Demystifying HOG Feature Extraction: A Beginner-Friendly Guide


Remember how we used SVD to extract features from an image which helped our machine “see”? Today we are going to discuss one more such method.
HOG (Histogram of Oriented Gradients) is a feature descriptor that captures the shape and structure of objects in an image by analyzing gradients of directions (edges) across x and y axes.
HOG has proven to be useful as it works well despite slight variations in lighting and pose and is computationally efficient for real-time use cases, especially for person detection and face recognition.

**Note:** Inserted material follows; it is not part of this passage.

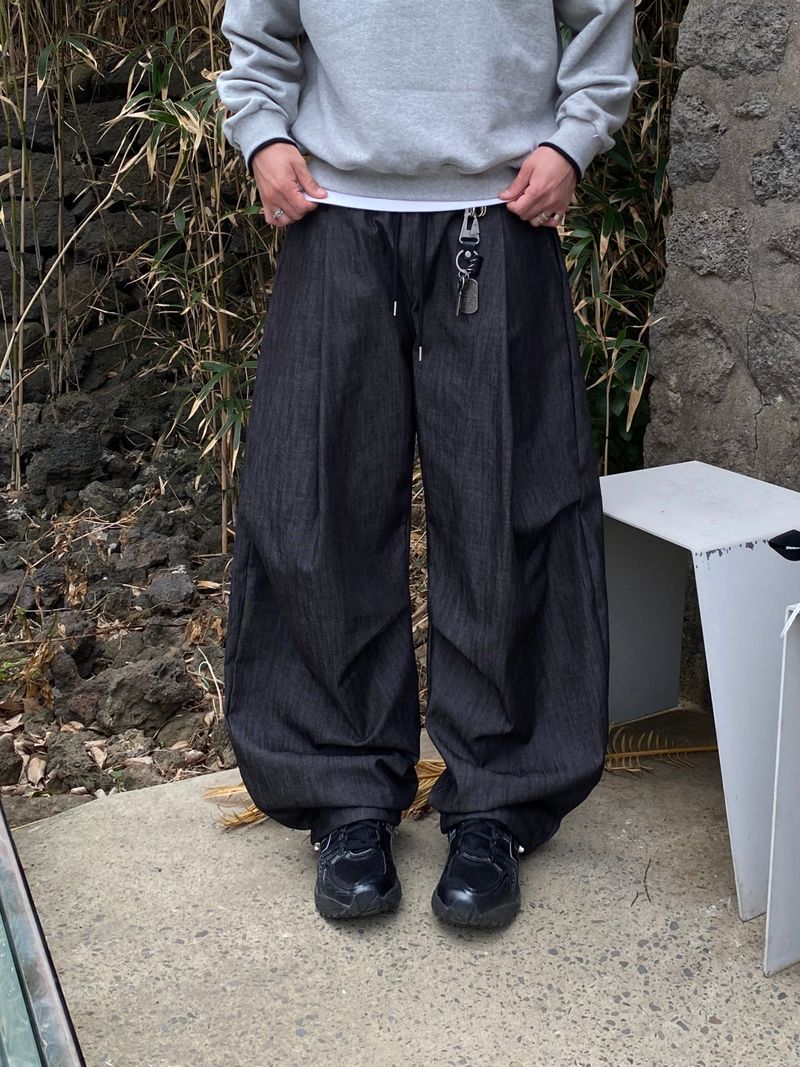 SSROOM(エスエスルーム)の「Duff Pintuck Curved Pants 2C(Pants)」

In this article, we’ll break down a Python implementation of Histogram of Oriented Gradients (HOG) feature extraction step by step.
Edge Detection with Prewitt Operator
So as we discussed, the first step is to detect gradients between pixels. The first idea which comes into mind is to use a direct forward or backward subtraction, which can be written like this :
To find the horizontal change (Gx) at a pixel I(x,y):
$$\begin{align} G_x(x,y) &= I(x+1,y)−I(x,y) \hspace{15mm} (\text{forward difference}) \\ G_x(x,y) &= I(x,y)−I(x-1,y) \hspace{15mm} (\text{backward difference}) \end{align}$$
Similarly, for the vertical change (Gy):
$$\begin{align} G_y(x,y) &= I(x,y+1)−I(x,y) \hspace{15mm} (\text{forward difference}) \\ G_y(x,y) &= I(x,y)−I(x,y-1) \hspace{15mm} (\text{backward difference}) \end{align}$$
This direct subtraction gives us a basic idea of how intensity is changing.

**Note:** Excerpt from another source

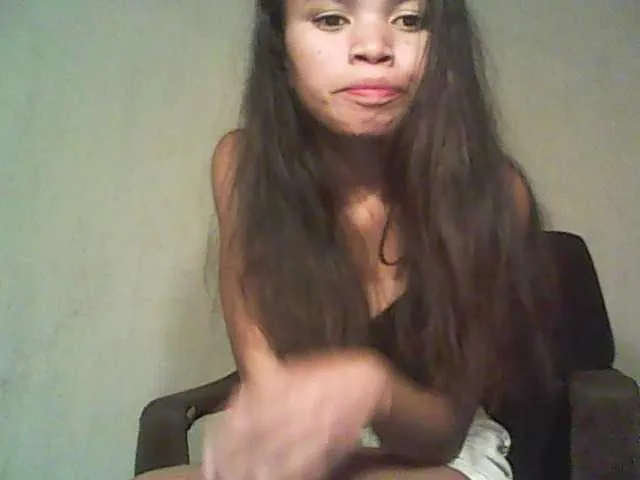Live sex webcam photo for Maelah #253865964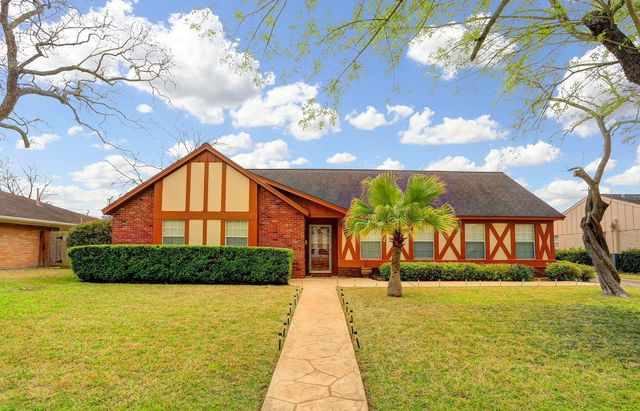 5711 Hummingbird Street, Houston, TX 77096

But we have a more robust approximation. Instead of immediate difference, we will now calculate the central difference. Instead of comparing a pixel to its single neighbor, the central difference looks at the neighbors on both sides of the pixel.

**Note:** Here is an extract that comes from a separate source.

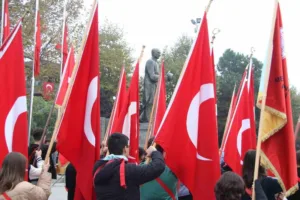 DÜZCE(İHA) – Düzce’de Mustafa Kemal Atatürk’ün 85. ölüm yıl dönümünde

$$G_y(x,y) = I(x+1,y)−I(x-1,y)$$
By involving two neighbors, it's marginally less susceptible to random fluctuations in a single pixel. However in practice, we have a much better way of doing this computation efficiently.
Filters. Prewitt and Sobel filters to be specific. They are carefully designed to perform a weighted sum of central differences over a small neighborhood (typically 3×3 pixels).
To demonstrate, let's consider the standard Prewitt kernel for horizontal change (often denoted as \(G_x\) and used for vertical edge detection):
$$\begin{bmatrix} -1 & -1 & -1 \\ 0 & 0 & 0 \\ 1 & 1 & 1 \end{bmatrix}$$
When this kernel slides over an image (a process called convolution), for a pixel \(I(x,y)\), it calculates the following:
$$\begin{gather} G_x(x,y) =[I(x+1,y−1)−I(x−1,y−1)] \\ \hspace{2mm} + \space [I(x+1,y)−I(x−1,y)] \\ \hspace{25mm} + \space [I(x+1,y+1)−I(x−1,y+1)] \end{gather}$$
As you can see, the filter effectively computes central differences for each row in the 3x3 window and then sums them up.
Note: The key difference: The weights in their kernels. Sobel filters use slightly different weights (e.g.,
[-1, -2, -1]
instead of[-1, -1, -1]
) which give more importance to the central row/column. This often results in slightly smoother and more accurate gradient estimates, especially in noisy images.
We use Prewitt in our implementation since it is more intuitive and efficient, but since speed is not an issue, Sobel will provide us better results (as you will see)
def preprocessing_hog(img):
kernelx = np.array([[1,1,1],[0,0,0],[-1,-1,-1]])
kernely = np.array([[-1,0,1],[-1,0,1],[-1,0,1]])
img_prewittx = cv.filter2D(img, -1, kernelx)
img_prewitty = cv.filter2D(img, -1, kernely)
grad_magnitudes = np.sqrt(np.square(img_prewittx) + np.square(img_prewitty))
grad_orientations = np.degrees(np.arctan2(img_prewitty, img_prewittx)) % 180
return grad_magnitudes, grad_orientations
As explained before, the kernels represent Sobel filter, the cv.filter2D function convolves the image and the kernel, returning the gradient map in the output. Then we use the general formulae for calculating magnitude and orientation through gradients :
$$\begin{align} \left | G \right | &= \sqrt{G_x^2 + G_y^2} \\ \theta &= \arctan(G_y, G_x) \times \frac{180}{\pi} \pmod{180} \end{align}$$
The \(\frac{180}{\pi}\) multiplication is done to convert it in the result in degrees which is done by np.degrees()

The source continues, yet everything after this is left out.